>>>

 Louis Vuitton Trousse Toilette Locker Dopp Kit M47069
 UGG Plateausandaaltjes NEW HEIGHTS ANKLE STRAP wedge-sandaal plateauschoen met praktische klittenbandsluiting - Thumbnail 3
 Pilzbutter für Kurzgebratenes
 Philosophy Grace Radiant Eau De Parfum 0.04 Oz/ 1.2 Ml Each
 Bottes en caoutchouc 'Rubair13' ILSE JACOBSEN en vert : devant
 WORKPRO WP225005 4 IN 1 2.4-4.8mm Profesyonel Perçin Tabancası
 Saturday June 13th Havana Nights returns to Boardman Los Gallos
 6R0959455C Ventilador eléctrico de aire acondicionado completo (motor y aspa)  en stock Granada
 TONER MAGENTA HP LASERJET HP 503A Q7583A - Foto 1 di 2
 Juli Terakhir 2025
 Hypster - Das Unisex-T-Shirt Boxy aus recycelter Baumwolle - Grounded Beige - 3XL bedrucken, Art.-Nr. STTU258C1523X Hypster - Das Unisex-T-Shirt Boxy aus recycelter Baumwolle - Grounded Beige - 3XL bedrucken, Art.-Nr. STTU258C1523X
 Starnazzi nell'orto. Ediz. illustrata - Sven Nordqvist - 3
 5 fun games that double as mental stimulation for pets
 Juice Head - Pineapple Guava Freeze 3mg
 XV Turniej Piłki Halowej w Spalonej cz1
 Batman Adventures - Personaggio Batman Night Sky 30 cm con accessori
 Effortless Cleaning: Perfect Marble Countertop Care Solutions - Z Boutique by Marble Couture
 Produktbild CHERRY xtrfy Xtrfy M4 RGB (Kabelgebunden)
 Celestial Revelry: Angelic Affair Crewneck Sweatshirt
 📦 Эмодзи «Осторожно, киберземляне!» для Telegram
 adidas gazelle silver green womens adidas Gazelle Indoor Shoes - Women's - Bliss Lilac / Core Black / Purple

<<<

## WORK INSTRUCTION
Exactly the lines from the one containing "Produktbild CHERRY xtrfy" through the end of the entries above must be output, and no others.

## RESPONSE
 Produktbild CHERRY xtrfy Xtrfy M4 RGB (Kabelgebunden)
 Celestial Revelry: Angelic Affair Crewneck Sweatshirt
 📦 Эмодзи «Осторожно, киберземляне!» для Telegram
 adidas gazelle silver green womens adidas Gazelle Indoor Shoes - Women's - Bliss Lilac / Core Black / Purple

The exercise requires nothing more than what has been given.